A two-year effort by environmentalists resulted in Gov. Andrew M. Cuomo recently protecting state lands through specific classifications and expanding the High Peaks Wilderness Area.
On March 20, Mr. Cuomo approved the Adirondack Park Agency’s recommended classifications for the Boreas Pond tract’s 20,543 acres. The new classifications recognize 11,412 acres of wilderness, 9,118 acres of wild forest, 11 acres of primitive and 2 acres of state administrative lands. Motor vehicles are prohibited from operating on wilderness lands, so this property is now protected.
“This classification package brings 25,000 acres of new wilderness to the Adirondacks at a time when overcrowding is harming the ecology of the park’s most fragile lands. So the expansion is very welcome,” said Adirondack Council Executive Director William C. Janeway. According to a news release, “The state’s compromise package balances the desires expressed by wilderness advocates with those of local officials who wanted greater motorized access to new forest preserve lands.”
In the summer of 2012, the state began buying from the Nature Conservancy land that once belonged to the former Finch-Pruyn paper company: Essex Chain of Lakes/Hudson River, OK Slip Falls and Indian River tract; Thousand Acre Swamp, Benson Road and other noncontiguous tracts; and the MacIntyre East and West tracts. The state also has “traded parcels to acquire the 1,200-acre Casey Brook tract and purchased conservation easements on 92,000 acres of Finch lands that the conservancy sold to a private timber investor,” according to information from the Adirondack Council.
The council and Adirondack Mountain Club led a coalition of conservation groups called BeWildNY to expand the High Peaks Wilderness Area and protect land within the Boreas Pond tract. Representatives of the organization have been negotiating with officials in the towns of Newcomb and North Hudson, both in Essex County, over the use of the Boreas Ponds area.

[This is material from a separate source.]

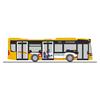 Rietze 67973 Mercedes-Benz Citaro K´12 "Grindelwald" (CH) 1/87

The groups of BeWildNY wanted to ensure that motorized vehicles were barred from as much land as possible. Officials, on the other hand, wanted to see vehicle access all the way to the ponds, retention of the cabin on the shore of the main pond and bicycle access all the way around them — none of which is permitted in a designated wilderness area.
People representing different constituents cooperated with each other to devise a plan that provided something for everyone. They compromised and kept this issue from going to court, which is an accomplishment in itself.
They all worked together with an eye toward the future. That reflects well on their commitment to make sure everyone’s voices were heard and come up with a proposal that met their needs.
The governor’s action to classify new state lands expanded the High Peaks Wilderness Area to nearly 275,000 acres.
“The expansion would make the High Peaks Wilderness Area the fourth largest east of the Mississippi River, behind only the Boundary Waters Canoe Area of Minnesota (1.09 million acres) and the Marjorie Stoneman Douglas Wilderness (1.3 million acres) in Florida’s Everglades National Park,” according to the Adirondack Council’s news release. “The new wilderness would be slightly larger than Rocky Mountain National Park in Colorado and twice the size of Zion National Park in Utah.”
This development is a huge win for everyone involved. We commend all those who crafted this plan and negotiated with others to make it happen. New Yorkers will be able to enjoy these natural wonders for generations to come.